The College Admissions Scandal, Hate the Player and the Game

   A major story that has recently been making the rounds is the so-called college admissions scandal that wealthy parents paid to get their unqualified children into schools that they would not have otherwise gotten into.

   The scandal erupted on March 12 when Massachusetts District Attorney, Andrew Lelling, held a press conference announcing charges against coaches, parents, and college advisors accused of bribery, fraud and racketeering. This network, headed by William Singer, operated from 2011 to 2019 and reportedly assisted hundreds of wealthy families.

   One of the reasons for the prominence of this story is the sheer audaciousness of the acts Singer and his clients allegedly committed. Singer set up a fake non-profit organization, The Key Worldwide Foundation (KWF), that purported to assist disadvantaged youth, however, the “donations” that parents gave to the KWF went into Singer’s pockets or were used to bribe officials. Singer paid out bribes to test proctors who looked the other when the KWF switched out results, sports coaches who accepted students onto their teams who never played the sport and a college administrator.

   One wealthy couple caught up in the scandal is Lori Loughlin, star of Full House, and Mossimo Giannulli, a famous fashion designer. They allegedly paid around half a million dollars to Singer to gain their two daughters admission into the University of Southern California through the crew team even though neither had competitively rowed before.

The trail of bribery and corruption is truly massive, covering five states and bringing criminal charges against 50 people. These entitled parents cheated their children into schools in which they did not belong and took away spots from deserving students. However, to some extent, all of this outrage seems somewhat manufactured. Especially, when it comes from wealthy newscasters and celebrities that have more or less done the same thing.

If you are rich, you are going to get into a good college whether you deserve to based on merit or not. That is how the current system is designed. In America, education is a rationed commodity, to a large extent given out on the basis of wealth. The parents who gave to the KWF were certainly more brazen than other rich parents, but the result is the same whether they provide an endowment to a school or pay a bribe to an athletic coach; a wealthy student gets into college at the expense of their less privileged counterpart.

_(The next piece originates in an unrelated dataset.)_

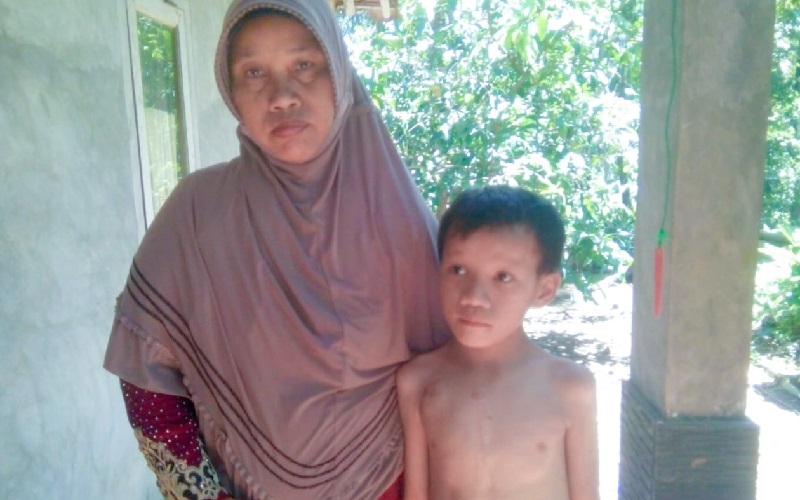 Miris, Anak Usia 11 Tahun di Pangandaran Hidup dengan Bocor Jantung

Additionally, the practice of legacy admissions is another way in which elite members of society can maintain their position. If a parent goes to a college that in no way means that their child should get a leg up, but that is how it works. The outrage that people are expressing over this scandal only makes sense if they believe that college admission is a meritocratic process in the first place. It isn’t.

Like everything else in America there are meritocratic elements to college admission, but due to generational wealth and social capital as well as historical inequality, there is no real equal opportunity. This is why it doesn’t make sense to single out the parents in this scandal. If Americans take a systemic approach to the issue, it becomes clear that the only just solution is to decommodify higher education, as part of a broader societal transformation to level the playing field. Don’t get me wrong, I’m not shedding a tear for these families, but I think Americans are misplacing their righteous outrage on symptoms of a much larger and fundamental problem.